Consider a trader holding some position of shares $X(t)$ at time $t$ where $X(0) = x_0$. Price evolves as $p(t)$ and we assume shares were bought at price $p(0) = p_0$.

For now, we assume:

  • Price follows geometric Brownian motion with zero drift and known variance.

  • No market impact and infinite liquidity: the position is closed instantaneously at time $t_c$ where $0<t_c<T$.

  • The full position is liquidated at once

  • There is some finite end-time $T$ at which the trader is forced to close his position.

(Side-note: I think the problem generalises to optimal execution, if we include market impact and allow slices of $X(t)$ to be traded.)

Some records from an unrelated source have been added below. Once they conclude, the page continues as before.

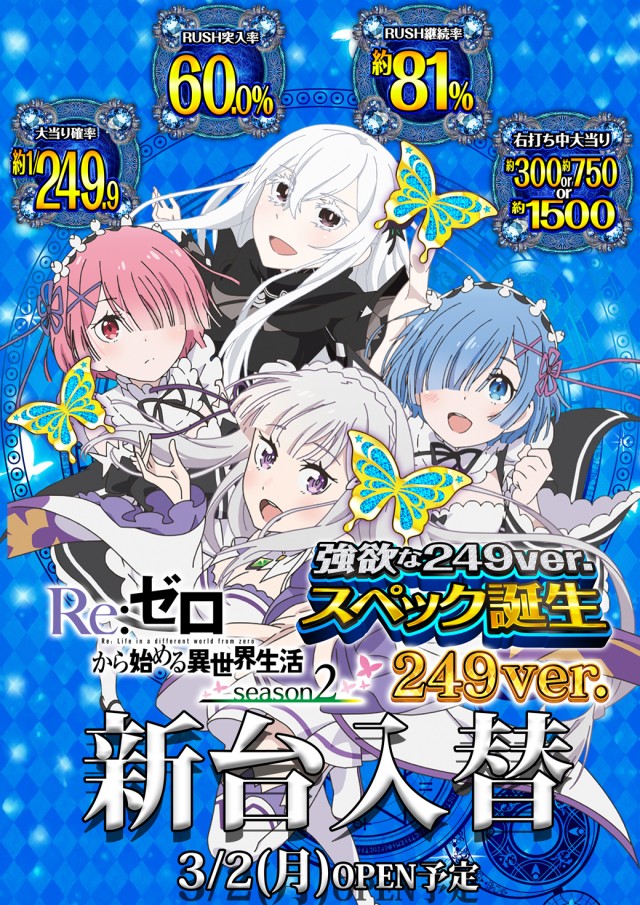 タマイセンター室戸店の最新情報画像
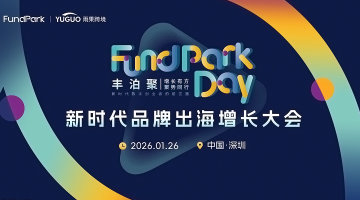 新时代品牌出海增长大会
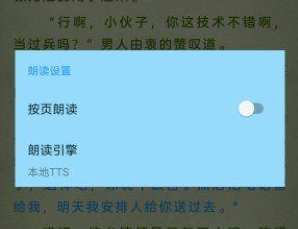 大声朗读app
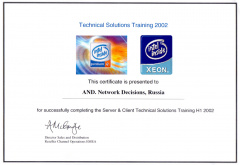 Intel Technical Solutions Training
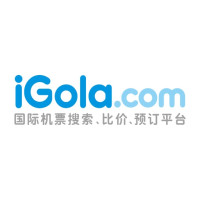 移动专享:骑鹅旅行 国际机票代金券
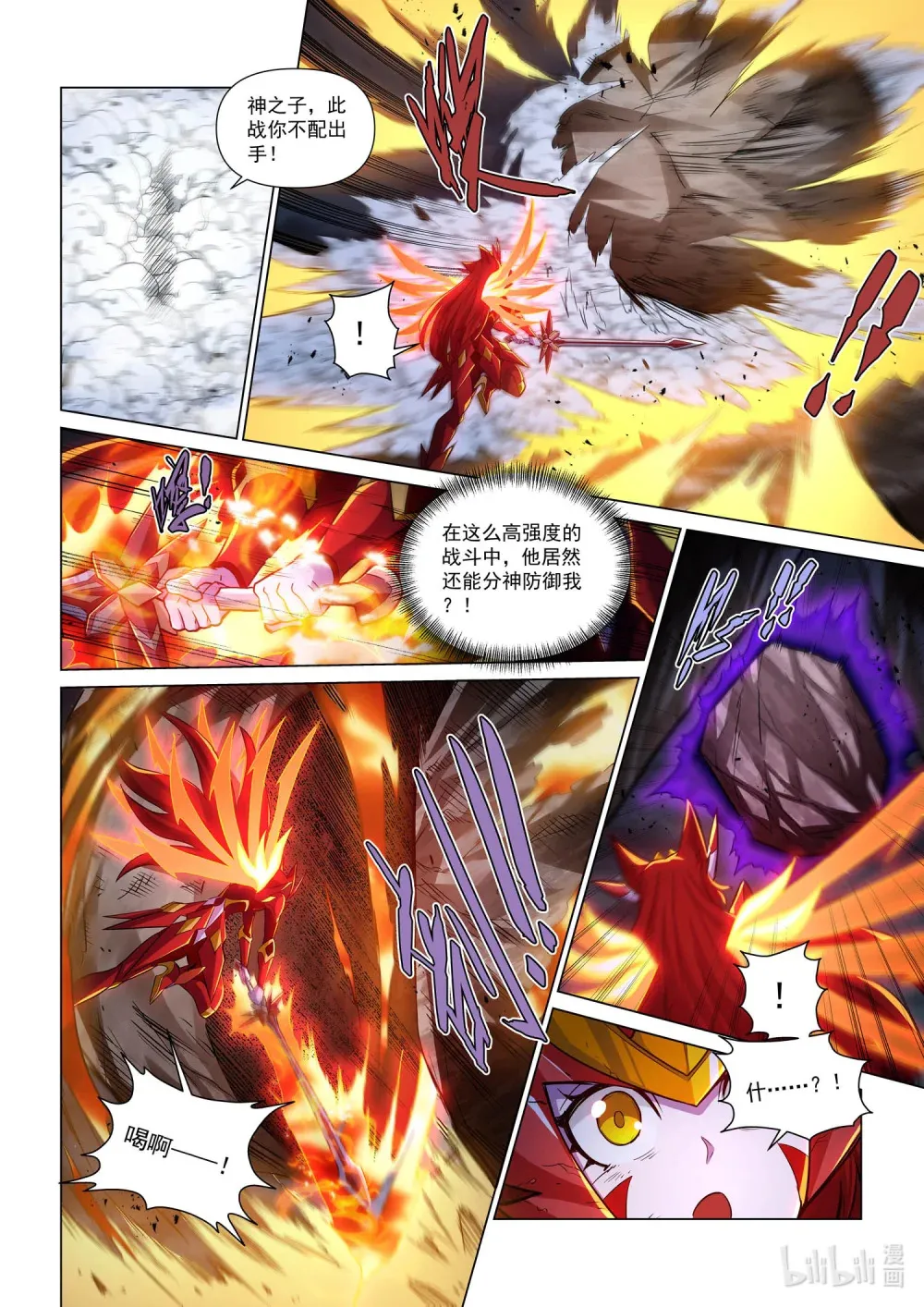 一三六话 巅峰武斗 第10页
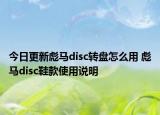 今日更新彪马disc转盘怎么用 彪马disc鞋款使用说明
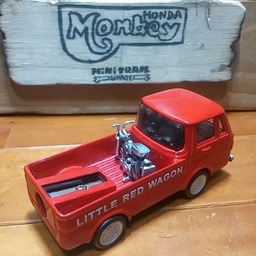 MiNi TRAiL GARAGE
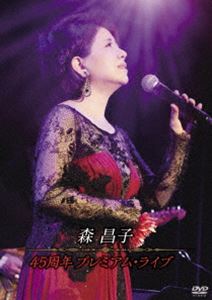 詳しい納期他、ご注文時はお支払・送料・返品のページをご確認ください発売日2016/9/28森昌子／45周年 プレミアム・ライブ ジャンル 音楽演歌 監督 出演 森昌子1972年7月にシングル「せんせい」でアイドル歌手デビューを果たし、現在は演歌歌手や女優として活動する”森昌子”。13歳の頃に出場した「スター誕生!」で初代グランドチャンピオンとなった事をきっかけに芸能界入りを果たし、デビュー後は山口百恵や桜田淳子と共に「花の中三トリオ」と呼ばれ人気を博す。1973年には映画「男じゃないか・闘志満々」で女優デビューを果たし、現在までに数多くの映画やドラマに出演し、音楽活動でも女優活動でも高い評価を得ている。本作は、ライブ映像作品。森昌子の魅力が沢山詰まった作品に仕上がっている。特典映像特典映像 種別 DVD JAN 4988003841232 収録時間 70分 カラー カラー 組枚数 1 音声 日本語リニアPCM（ステレオ） 販売元 キングレコード登録日2016/07/19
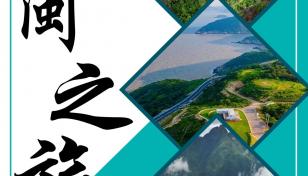 北京出发浙江福建11日自驾游：【探秘浙闽】雁荡山-苍南168海岸公路-云和梯田-品味福鼎茶韵11日游-推荐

The problem to solve is, what is the optimal time to trade?

I see a number of conflicting interpretations / solutions for this problem:

  1. Trade at the best price after some fraction of $T$ has passed - following the secretary problem (i.e. optimal stopping)
  2. Trade immediately (mean-variance optimisation with risk aversion)
  3. Trade with zero/negative risk aversion; allow time to pass and close the position depending on some other metric (e.g. $\operatorname{P} (p(T) > p(0) \,| \,p(t) )$.
  4. Trade at $T$, if we treat this as an American option without dividends

Side-note; if the answer is (2) or (3), this suggests that risk-aversion determines the optimal execution time; this seems to simply substitute one problem for another.

In conclusion, to 'learn' the optimal time seems to depend on the interpretation. If it is option (1) I don't think anything can be learned. If option (2) or (3), the problem becomes instead one of training the parameters of some risk-aversion model (and seeing which risk-aversion results in the largest PnL).

Which of the above interpretations is correct?

If it is an optimal stopping problem, is it even possible to learn/train anything - given the constraints/assumptions above? In this case, how would relaxing these constraints impact the conclusion?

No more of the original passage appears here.